Deitada numa cama de hospital, Marie Brooks já foi vista por uma junta médica quando o professor Nicolaides chega. Ele olha Marie, que segura a mão de Peter, e sente a angústia do casal.
Enquanto examina Marie, Nicolaides conversa com os dois, perguntando sobre a vida deles.
– O que você faz? – pergunta a Peter, sentado a um canto, sentindo-se meio excluído.
– Sou engenheiro.
– Que tipo de engenheiro? Dos bons? – instiga o médico, com um sorriso.
Nicolaides herdara do pai, médico em Chipre nos anos 1950, o talento para acalmar os pacientes. Ele se lembra das pessoas nos vilarejos, gritando: “É o doutor! O doutor está vindo!” Beijavam seu pai e davam-lhe presentes. Ele recorda que, numa visita a um homem que estava morrendo, seu pai disse: “Meu bom amigo, lembra-se de quando eu era menino e você me levava para passear no campo em seu burro? Bem, você agora esta com câncer. Deixe seus negócios em ordem, converse com a família e nós vamos cuidar para que você não sinta dor em seus últimos dias.”

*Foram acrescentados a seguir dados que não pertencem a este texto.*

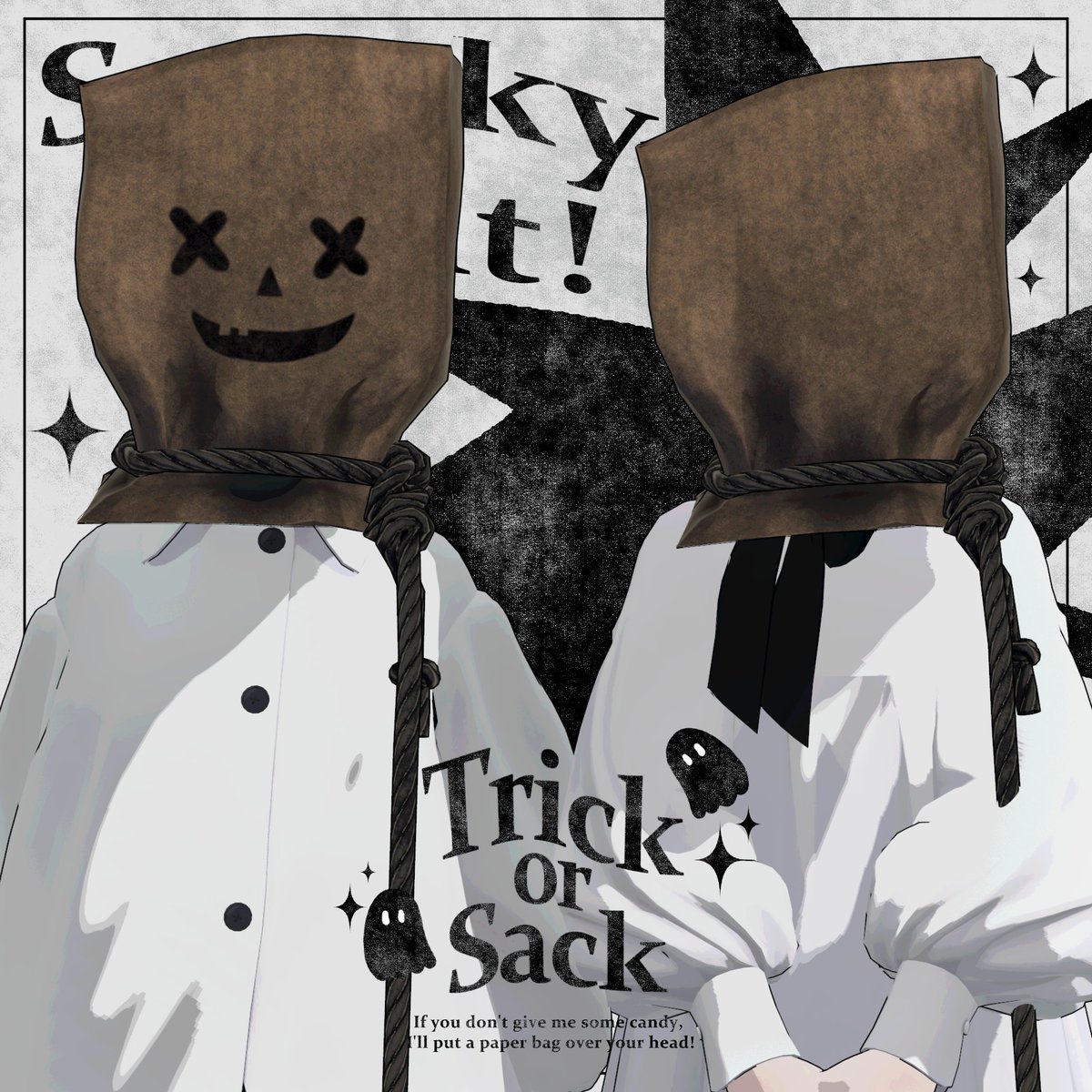 EverSlumber_'s tweet photo. 【🎃New Release👻】

ちょっと不気味な紙袋の頭部アクセサリーを販売開始しました🎉

ハロウィン改変にぜひ👻🎃

# Trick or Sack ⊿
https://t.co/2hieS8cDR8

【🎁プレゼントキャンペーン✨】
抽選で2名様に支援版のギフトをプレゼント🎉

🎯参加方法🎯
✅アカウントをフォロー
✅このポストをRT
〆切：10/13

Em seguida, brincou com a mulher do paciente, uma senhora de 75 anos: “E a senhora compre uma garrafa de vinho para Jan e faça amor com ele para que ele se sinta melhor.” Todos riram. “Esse era o jeito do meu pai”, lembra Nicolaides. “Onde havia morte também havia riso.”
A conversa de Nicolaides com Peter sobre trabalho desfez parte da tensão. O cirurgião põe a mão no braço de Marie. “Agora vou explicar o problema e dizer o que podemos fazer.”
Uma abertura no diafragma – a membrana muscular que separa o tórax e o abdome – permitiu que o estômago, o fígado e o intestino do bebê subissem para a caixa torácica, não deixando espaço para que os pulmões crescessem.
Existe uma esperança, disse ele ao casal. O King’s Hospital é o pioneiro num novo tipo de tratamento: operar o bebê dentro do útero da mãe.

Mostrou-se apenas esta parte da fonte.